A Edgar Otálvora… experto sin par en el
conocimiento de las tensiones militares
del subcontinente suramericano.
Habría
que darle crédito a los presidentes de Venezuela, Hugo
Chávez, y al de Colombia, Álvaro Uribe, por la prudencia
cómo han conducido hasta ahora las relaciones entre dos
países que desde que nacieron a la vida republicana
manejan la hipótesis de un inevitable y fatal conflicto en
cualquier momento y punto de sus fronteras.
Sobre todo después que en los años 60 surgió la nueva
doctrina que ampliaba el mar territorial de 12 a 200
millas, haciendo “lógica” la reclamación colombiana del
derecho a compartir con Venezuela la soberanía sobre las
aguas, islas y costas del Lago de Maracaibo.

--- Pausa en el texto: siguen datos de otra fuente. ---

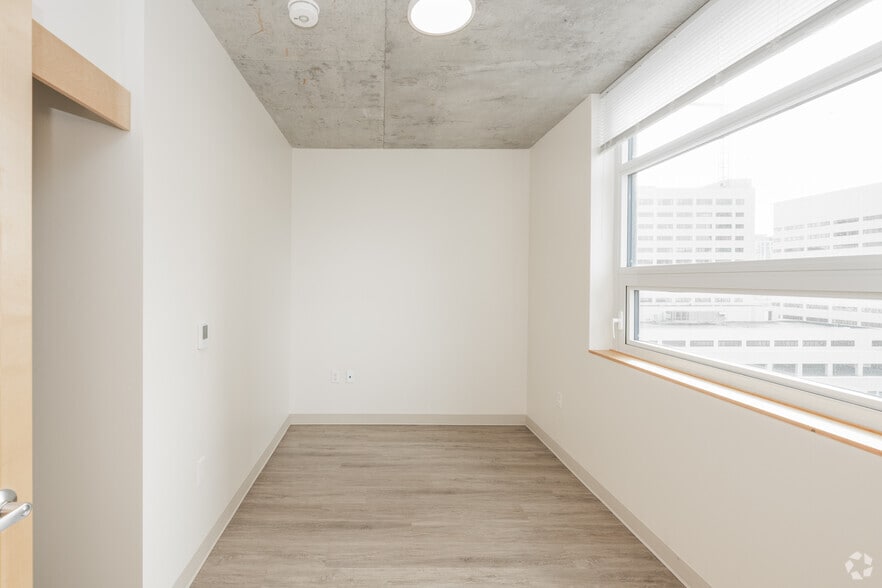 More Photos Of 1400 Madison St, Seattle Apartments For Lease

Pretensión que rápidamente pasó, de diferendo territorial
a político, y de político a militar, concentrando, a
partir de entonces, todo el esfuerzo de guerra venezolano
al momento en que las Fuerzas Armadas Nacionales tuvieran
que cruzar la frontera para repeler, disuadir o prevenir
una agresión colombiana.
Ya parece algo lejano, pero para cualquiera que viviera
durante los 70, los 80 y mediados de los 90 en los 2.055.
355 kilómetros cuadrados de la extensión territorial de
los dos países, la vida política era también las alzas y
bajas de la tensión fronteriza, dándose por seguro durante
las primeras que se llegaría a una ruptura de
hostilidades, y en las segundas, que se creaban las
condiciones para discutir un acuerdo que solucionara el
diferendo.
Recordemos que no pocos políticos y militares de ese
tiempo se empinaban para ver quién llegaba más lejos en su
anticolombianismo, y que nombres como José Vicente Rangel
y Alberto Müller Rojas empezaron a hacerse conocidos y
populares no por “socialistas y revolucionarios”, sino por
“anticolombianos” y “nacionalistas”.
Lo cierto es que los generales y almirantes desde el Alto
Mando y la Academia Militar, los académicos desde las
universidades y la cancillería, los periodistas y
analistas desde la prensa, y los noticieros de radio y
televisión, y los políticos desde los foros
internacionales y las embajadas fatigaban días y noches,
mapas e hipótesis, planes y estrategias, equipos y
ejércitos tratando de adivinar la fecha y las condiciones
que darían curso a la guerra que decidiría cuál de los dos
países validaba su tesis.
Y sin embargo, cuando la crispación alcanzaba su nivel
crítico, cuando la mecha ya prendía la carga explosiva,
cuando los ejércitos ya marchaban a las fronteras y las
unidades navales ya surcaban los mares, en un momento de
finales de los 80, o de comienzos de los 90, el conflicto
bajó sorpresivamente de temperatura, la tensión fue
enfriándose, el duro enfrentamiento se congeló, y el
diferendo desapareció de las agendas y de los ánimos y se
disolvió en una espiral de olvido apenas interrumpida por
las manías de quienes se resistían admitir que habían
perdido dos y media décadas de sus vidas.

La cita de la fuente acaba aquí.